When the devil tempts you to despair, to think that God won’t provide for you, that you have to take things into your own hands, remind yourself that God won’t abandon His child, that He has given up His own Son for you, and how will He not also with Him give you all good things? Remind yourself of the psalm, “No good thing will God deny to those who fear him.” And when the devil tempts you to arrogance, to testing God, remind yourself of your Baptism, that God has made you his child, and children are dependent, they don’t call the shots, they don’t make the rules, they live by their Father’s rules, and your Father’s rules are the best, they are love, and they bring happiness and contentment. And when the devil tempts you with all the pleasures of the world, to put them above your Lord Jesus, to worship money and fame and obsess over them, remind yourself of your Baptism, that here is worth and wealth the world simply can’t give, here is an eternal inheritance, here is the riches of God Himself who could create ten thousand world richer than this one and more beautiful with far greater joys, here is perfect contentment and purity and innocence, here you share in the divinity of Christ, joined to Him, the brother of God, and so the children of God, with a clean conscience, a purpose for life, and a forever to look forward to.

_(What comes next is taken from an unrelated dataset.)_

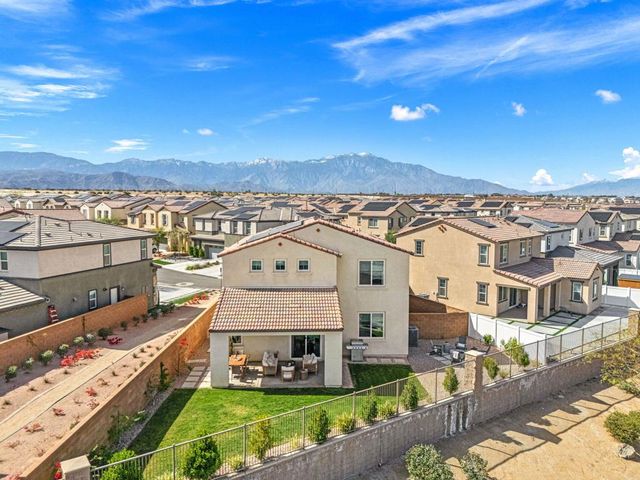 41462 Harvey Mudd Drive, Palm Desert, CA 92211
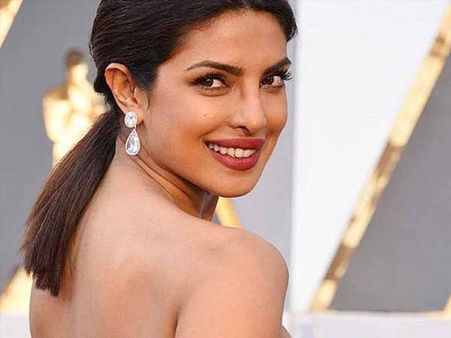 इस एक्ट्रेस की सेल्फी देख.. सलमान की सेल्फी भूल जाएंगे!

You of course are not Jesus. Jesus won completely against the devil. He had to win, he couldn’t lose, because He is God and God can’t sin, can’t fall into sin. It’s impossible. But you can sin. God has not yet removed our sinful flesh from us. We have to die before that happens. So we will sin in thought, word, and deed, as we just confessed. The devil will succeed in this at least. But even this God will work for our good and our victory. First, because God will not allow us, so long as we cling to our Baptism, He will not allow us to despair of His mercy, to jump ship. My sheep hear my voice and I know them and they follow me and I give them eternal life, and they shall never perish, neither shall anyone snatch them from my hands. He will keep you from great shame and vice, from sinning against your conscience, from openly and purposefully breaking his commandments. Only use your Baptism and he will give you the victory. And second, he’ll teach you by the devil’s temptations how empty the devil is, that what he promises only disappoints and only brings pain and dirtiness in the end. The devil is a loser, he’s a damned fool, and when you do battle against him, when you rise to arms, as we sang to open this service, and employ prayer to the God of hosts, when you remember your Baptism and who you are, then you emerge victorious. Christ won. He holds the field forever. And you are His and He is yours. The devil could take everything else, literally, everything, life, goods, fame, child, wife, and he still will have won nothing. The victory has been won. The Kingdom ours remaineth. And because the Kingdom is ours, we will expect every good thing from our God, and we will hand his praises down to our baptized children, and we will happily do battle against the devil all our days, until our Lord welcomes us into the peace of paradise the blest, where we will hear the words against confirmed, “Here too is my son, my daughter, in whom I am well pleased.” Amen.